In the last few decades, Bellini’s I Capuleti e i Montecchi has flirted with standard repertory status, but it has not sufficiently won the hearts of opera-goers to warrant more than the occasional production. Though blessed with some of the composer’s finest melodies, the opera has problems for modern audiences. Firstly, the tale does not follow Shakespeare’s version of the star-cross’d lovers’ story; the protagonists are already in love when the opera begins, which means no ball, no love at first sight, no balcony scene. Secondly, the libretto’s dramatic shortcomings need bel canto singers of the highest order to bring the opera to life, and then usually only as a musical experience. San Francisco Opera gave this vocal vehicle another shot in a new staging, co-produced by the Bavarian State Opera, for the simple reason that they had two bel canto luminaries in Joyce DiDonato and Nicole Cabell who wanted to sing it. As has been the case with Capuleti in our times, the opera succeeded as a showcase for voices, but failed to engage beyond that.
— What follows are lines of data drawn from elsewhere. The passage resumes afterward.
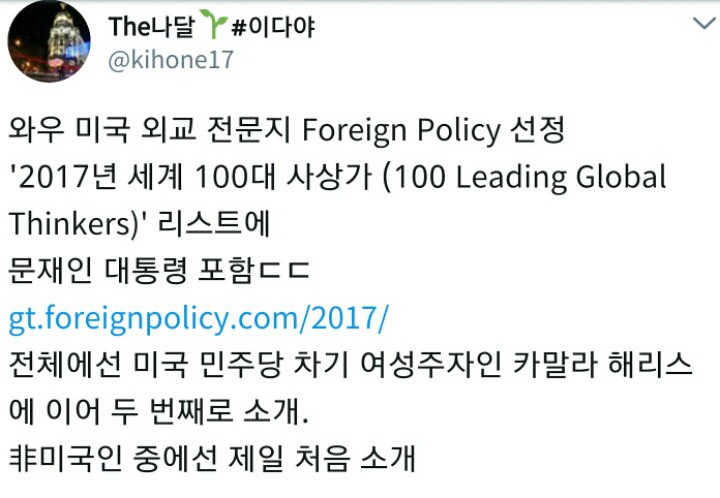 와우 문재인 대통령,외교 전문지 Foreign Policy 선정 '2017 세계 100대 사상가'에 포함ㄷㄷ | 인스티즈
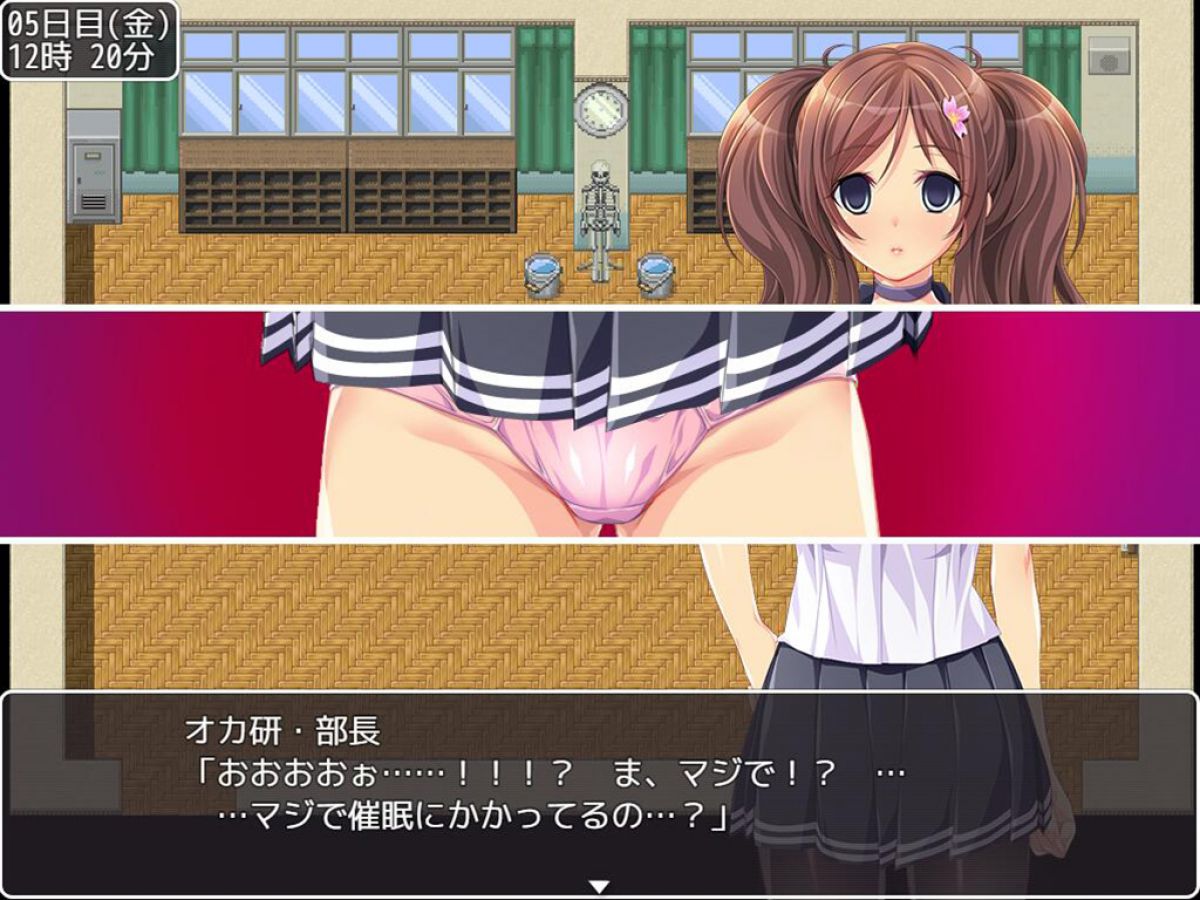 Uncensor patch steam фото 22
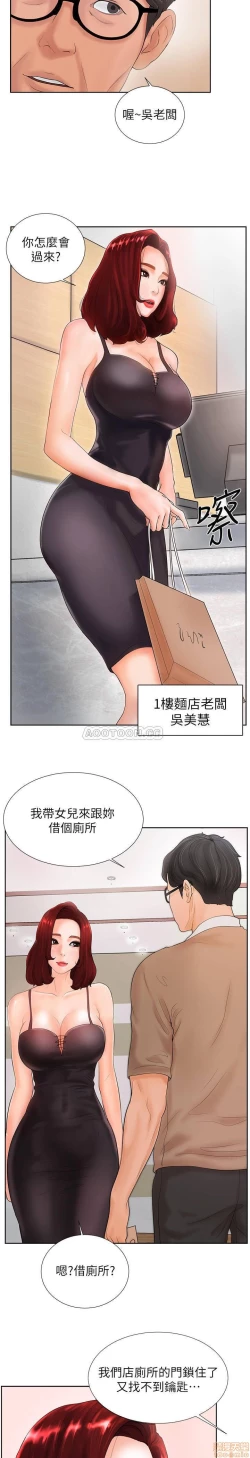 Page 55 of 撞球甜心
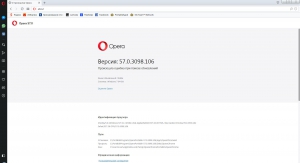 Opera Web Browser + VPN 57.0.3098.106 Stable Portable (32/64 bit) by PortableAppZ [Multi/Ru]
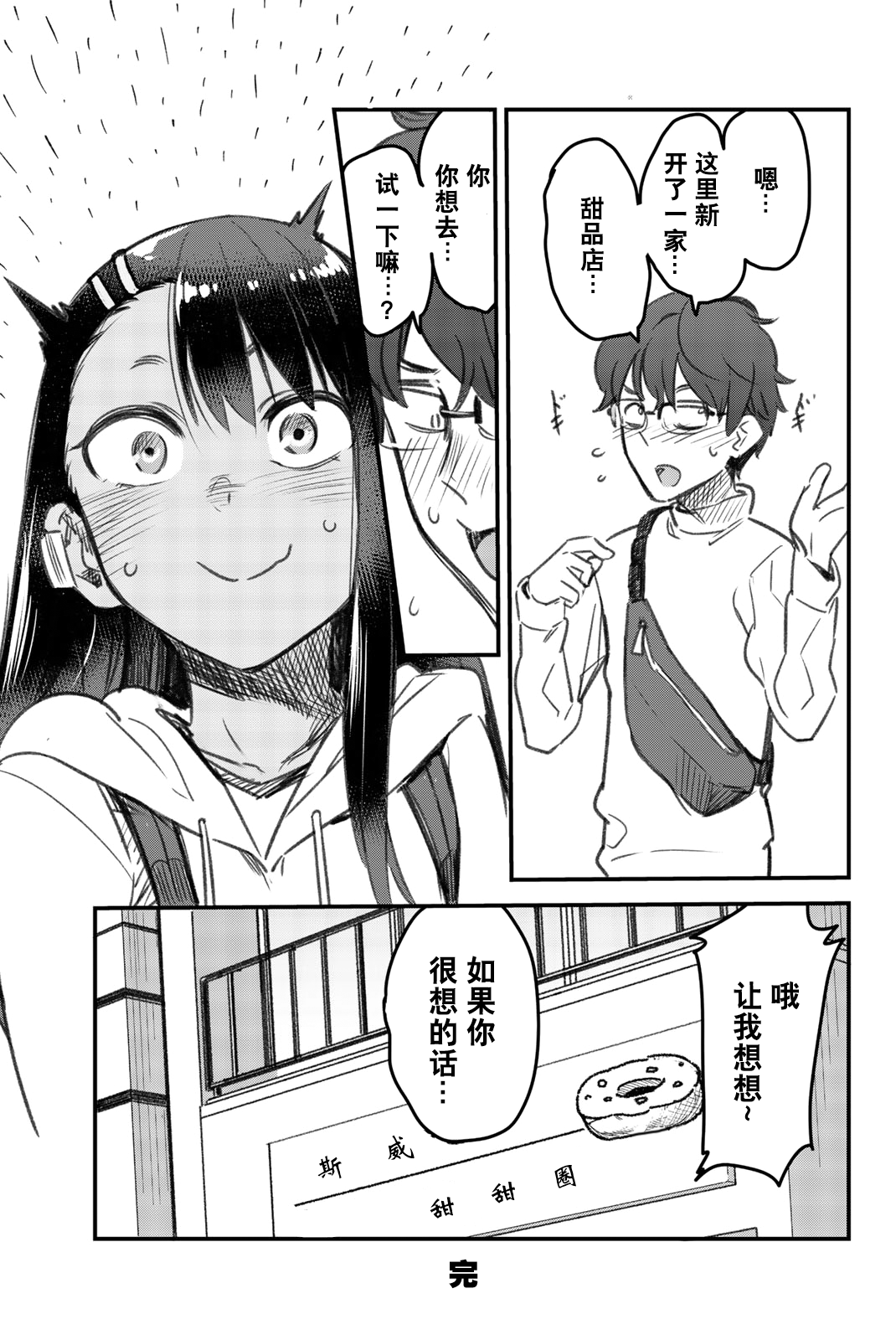Ijiranaide, Nagatoro-san: Comic Anthology 第8页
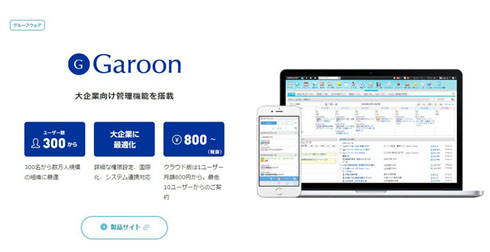製品情報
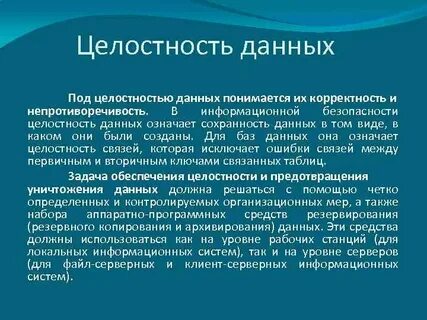 Сохранение целостности информации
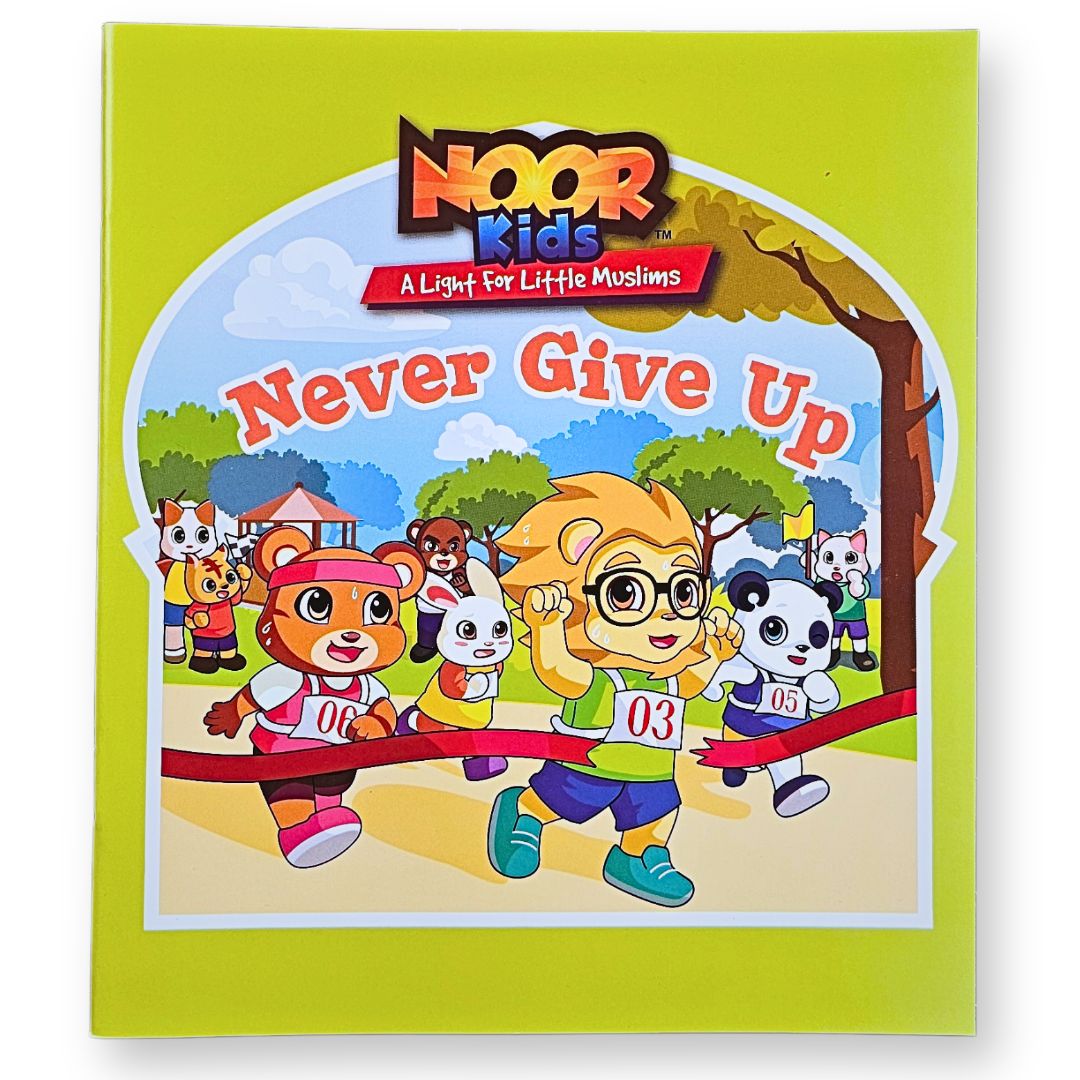 13. Never Give Up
Joyce DiDonato is one of the hottest properties in the business right now. She has earned accolades for her winning way with Rossini’s heroines (and trouser roles), but has also achieved great triumphs in works by Handel, Mozart, and Richard Strauss. From the moment she made her entrance on Wednesday night, it was clear that Bellini’s Romeo was in sure hands. DiDonato sang her numbers with ardor and style against the drab surroundings of Vincent Lemaire’s sets and fashion designer icon Christian Lacroix’s costumes. At times, the role’s high-lying passages showed an uneasy vibrato, but DiDonato’s middle range was as secure and beautiful as you could hope for in this repertoire. In her San Francisco Opera debut, American soprano Nicole Cabell was a sensuous Giulietta to DiDonato’s impassioned Romeo. Cabell, who won the prestigious Cardiff Singer of the World competition in 2005, has sung many seconda donna roles but here showed she is ready for bigger assignments. Her creamy tone and exquisite phrasing were an ideal complement to DiDonato and the opera's many breathtaking duets were a delight to hear.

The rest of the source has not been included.